La mesa del Gran Bolívar
Antes de que Córdoba y Sucre se separaran de Bolívar, en 1952 y 1966, respectivamente, Cartagena fue la capital de un departamento tan grande como toda Costa Rica. Era el epicentro regional donde todos querían venir a estudiar o trabajar. Getsemaní era el barrio marinero y el primero en recibir a estos viajeros regionales. Y tenía el Mercado Público, con su puerto al que llegaban embarcaciones trayendo productos de todo el litoral y de los ríos, caños y ciénagas internos.
Aquí se aclimató desde tiempos coloniales la comida de esa inmensa región. En la época del Mercado se conseguía carnes de monte y todo tipo de frutos, vegetales y tubérculos. La Colombiana, por ejemplo, en la esquina donde desemboca la calle Larga, era un famoso comedero nocturno en donde igual se conseguía tortuga, venado o guartinaja. En aquellos tiempos las preocupaciones por conservar la fauna local no estaban en la lista de prioridades.

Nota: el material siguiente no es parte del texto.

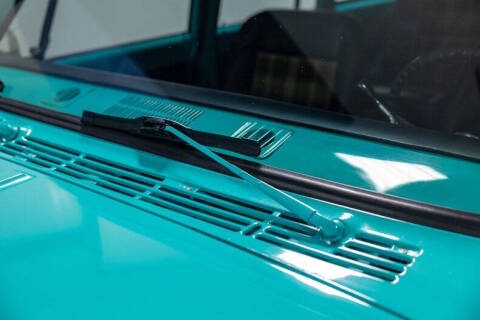 1971 Chevrolet Suburban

Correspondía más a la mentalidad de cazadores y de comida de la tierra. Diagonal al pasaje Leclerc se conseguía la famosa ‘zarapa’ del viejo Villa: un plato que aún se sirve en los pueblos y consiste en una porción generosa de arroz en una hoja de bijao, rociado con mucha salsa de carne y distintos acompañamientos.
Y en aquellas mesas del mercado de Getsemaní nacieron las tradiciones culinarias que hoy se ven en el mercado de Bazurto. Las mesas comunes y el surtido increíble de comidas en distintos calderos, tienen sus bisabuelos en los puestos del Mercado Público de los que hay memoria desde los años 30. Son esos mismos sabores e ingredientes que Jaime y Sebastian comieron muchas veces en sus incursiones en Bazurto y que con ellos han regresado al barrio, reinterpretados y convertidos en gastronomía de talla mundial.
Una cocinera del Mercado Público, o de las que hoy nos quedan en Lomba o los callejones, reconocería casi todos los ingredientes que usan ellos. Quizás se asombraría de esas nuevas maneras de combinarlos, cocinarlos y presentarlos. Pero comenzando por un buen celele de frijol pronto se darían cuenta que Jaime y Sebastian son de los suyos; que dialogan y prolongan una estirpe que merece mantenerse entre nosotros por siempre.